Time to stop talking about the circular economy, and just get on with building it
It's difficult to sit here and bemoan the work with an organisation like The Ellen McArthur Foundation. It has worked tirelessly these last few years to bring people and businesses together to discuss the so-called circular economy and to promote what might be possible. The image above, from The Great Recovery Project, is a great example of how organisations like this can improve our understanding of the challenges and opportunities.
But while NGOs and academics continue to debate, theorise, imagine and define circularity – and what it might mean to industry, government and to individuals – the talking shop mentality is getting us nowhere. For how many years have the same enlightened individuals been talking about the blue economy, the 3 'R's, industrial ecology, zero waste, or any number of concepts, without them ever really taking off and becoming mainstream?
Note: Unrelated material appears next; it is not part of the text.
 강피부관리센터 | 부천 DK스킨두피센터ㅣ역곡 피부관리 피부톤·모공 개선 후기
That's why, when I meet companies that are actually doing rather than talking, I get excited. Veolia has been a beacon of inspirational this past year, totting up a plethora of great projects that are successfully proving that there is another way to deal with waste.
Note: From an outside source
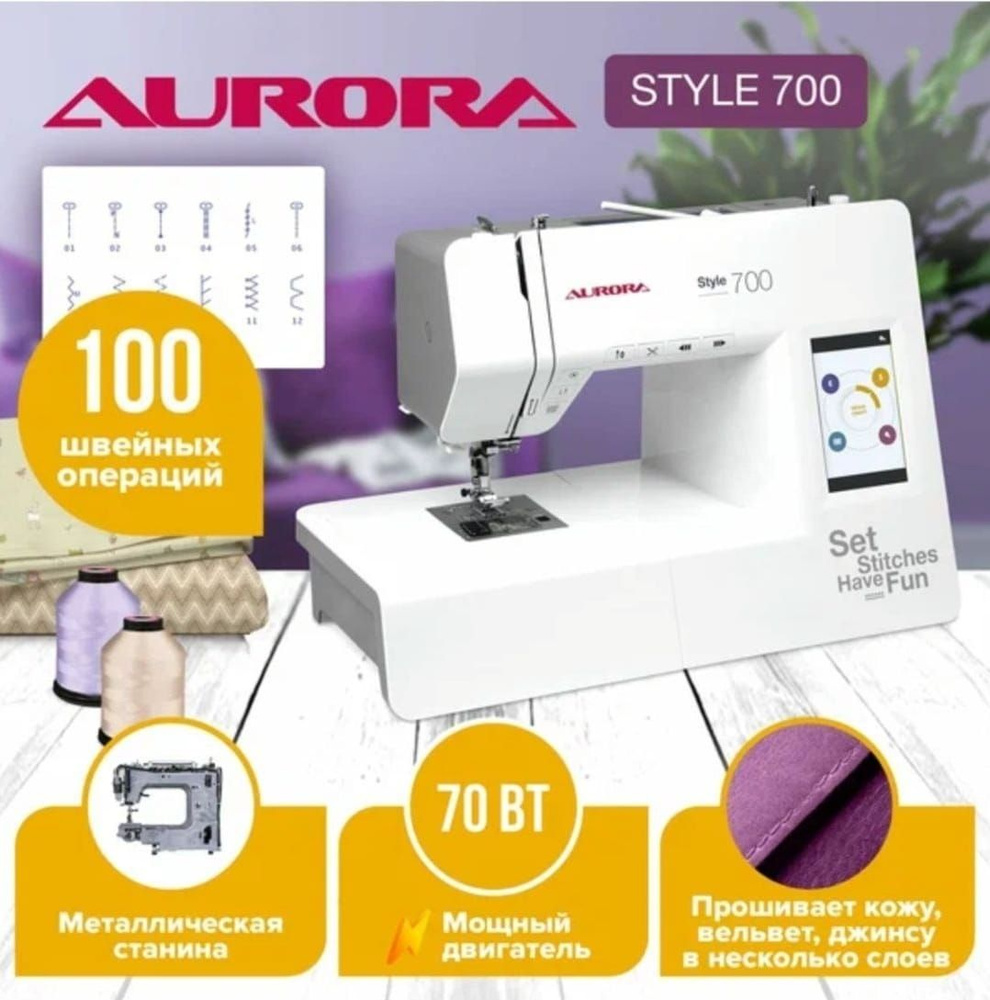 Швейная машина Aurora Style 700 #1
Similarly, the paints and coatings business AkzoNobel – which we have been working with during the past six months – has some wonderful examples of how partnerships can help to ensure the value of materials and resources stays in the chain for as long as possible. André Veneman, Akzo's Director of Sustainability, says its time to eliminate the word waste: "There's no such thing," he tells me. With that mentality, embedded into company processes and culture, it's no wonder they are proving circularity to be a work-in-progress, rather than just a theoretical nice-to-have.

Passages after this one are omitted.